Tout d'abord, halte aux idées reçues : Le silence des agneaux est tout sauf un film d'horreur, il y a certes quelques scènes gores, mais c'est un thriller, en aucun cas il ne fait peur. Par contre, une certaine tension, une angoisse s'installe tout au long du film. Et cela surtout à cause du terrifiant Hannibal, interprété avec excellence par Hopkins.
Nous avons devant nous un personnage lucide, froid, très sûr de lui, mais surtout manipulateur. Il parvient à nous angoisser nous, de l'autre côté de l'écran.

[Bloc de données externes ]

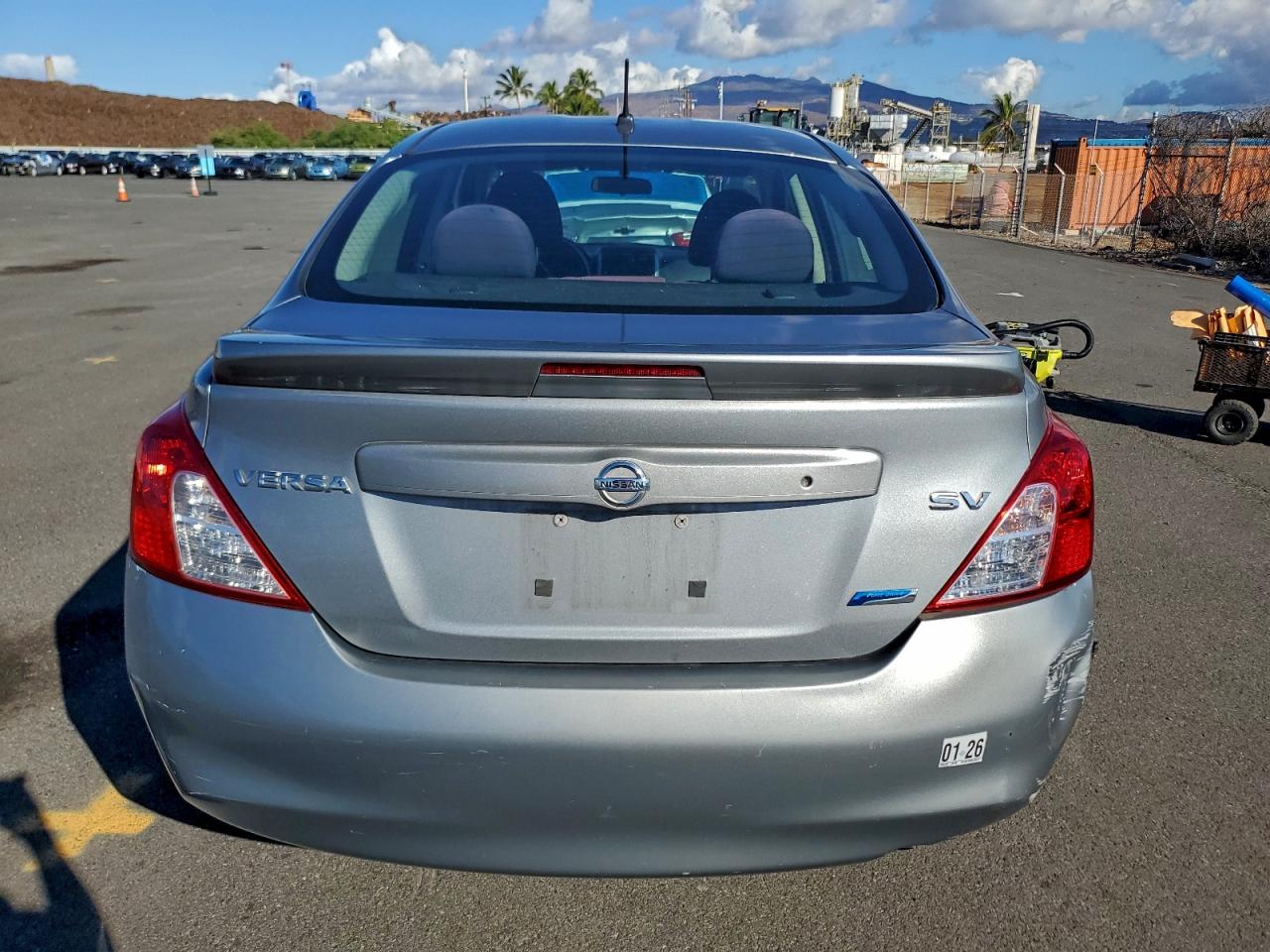 2014 NISSAN VERSA S photo 6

Continuons dans l'interprétation, si Hopkins et Foster ont reçu chacun un oscar pour cette raison, ce n'est pas pour rien, cette dernière réussit à nous donner de son personnage l'image de quelqu'un d'attachant, d'intéressant : on chercher à savoir, au même titre qu'Hannibal ce qu'il s'est passé dans son enfance.
Mais surtout, dans ces deux interprétations, le meilleur reste quand ces deux personnages sont face à face : on voit très bien qu'un lien se crée, même si ces personnages ne se connaissent finalement peu, ils savent exactement les réactions de l'autre, et aussi, leurs conversations restent des "échanges" : une information d'Hannibal vaut à Clarice un moment de sa vie à raconter à ce premier. On peut donc appelé cela un échange "loyal", d'égal à égal.

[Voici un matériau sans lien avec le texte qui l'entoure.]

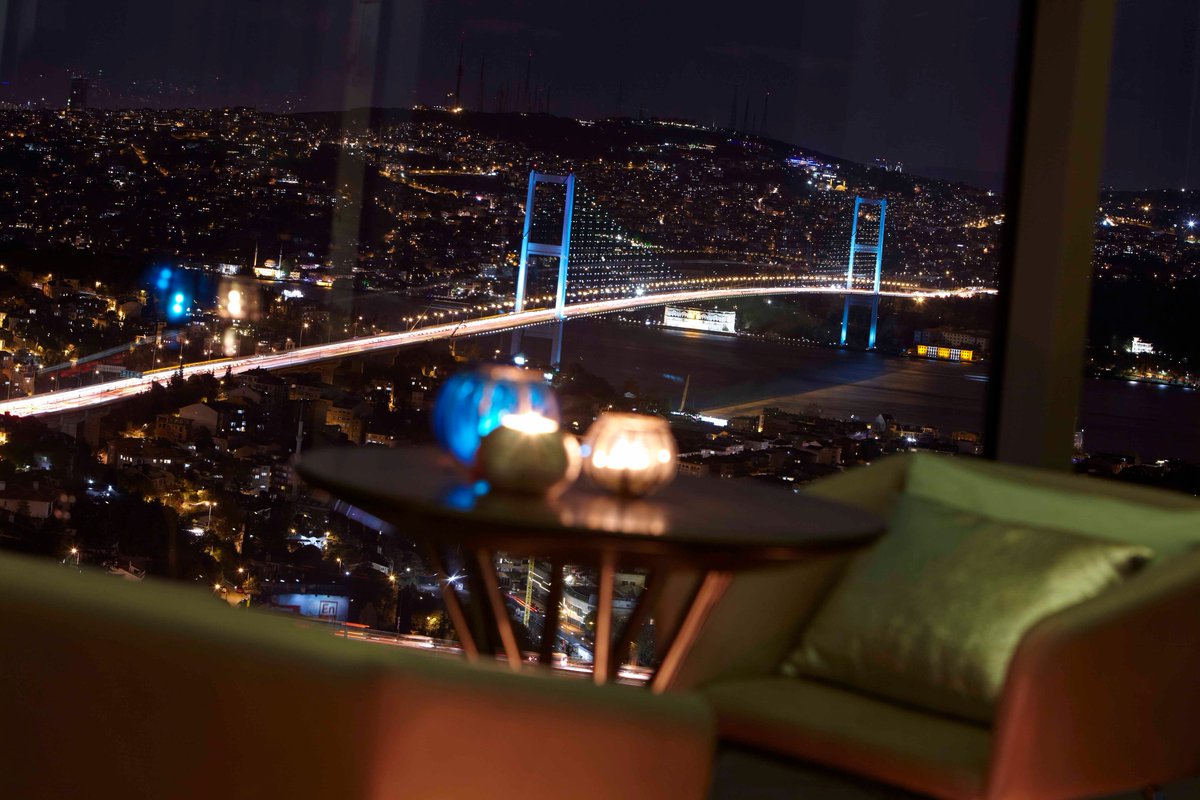 RenaissanceBosp's tweet photo. Enjoy the enchanting view of the Bosphorus while sipping your delicious drink crafted by master bartenders at Bar 212.
#bar212 #renaissancebosphorus #drink #bosphorus #bosphorusview #istanbul https://t.co/0PlNpwnILe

Néanmoins, leur première confrontation reste la meilleure, la plus marquante, selon moi, voici un extrait :
"Vous savez à quoi vous ressemblez avec votre sac à main et vos chaussures bon marché ? À une fille de ferme, une fille de ferme endimanchée, sans le moindre bon goût. Une alimentation correcte a fait de vous une fille solide mais vous n'êtes pas à plus d'une génération de la pauvreté crasse. N'ai-je pas raison agent Starling ? Et cette origine que vous essayez désespérément de cacher, vous venez du fond de la Virginie. Que fait votre père ? Est-ce qu'il descend dans la mine ? Est-ce qu'il empeste le charbon ? Et les garçons qui n'arrêtaient pas de vous sauter dessus, tous ces tâtonnements pénibles et moites à l'arrière des voitures pendant que vous ne rêviez que de partir, de vous sortir de là et d'entrer enfin au FBI."
Premier contact donc froid, mais tellement inoubliable.
Ensuite, question mise en scène, petit arrêt sur une scène qui m'a beaucoup marquée, réalisée avec brio et tout à fait réussie :
A un certain moment, Clarice et Jack, enquêtant chacun de leur côté pensent avoir trouver chacun le meurtrier, ils se rendent donc tous les deux à deux maisons bien distantes géographiquement. Au début, on a une vue de la maison de l'intérieur : là où Buffalo Bill est en train de se confectionner une peau avec celles de ses victimes (spoiler !), puis une autre scène vue de dehors, où Jack et des agents du FBI commencent à se poster autour de la maison et à frapper à la porte, ainsi de suite pendant une bonne minute, jusqu'à ce que l'on voie que ses maisons sont bien distinctes et que c'est Clarice qui se trouve devant la bonne maison.
Certes, c'est très mal expliqué, mais cette scène vaut vraiment le coup d'oeil.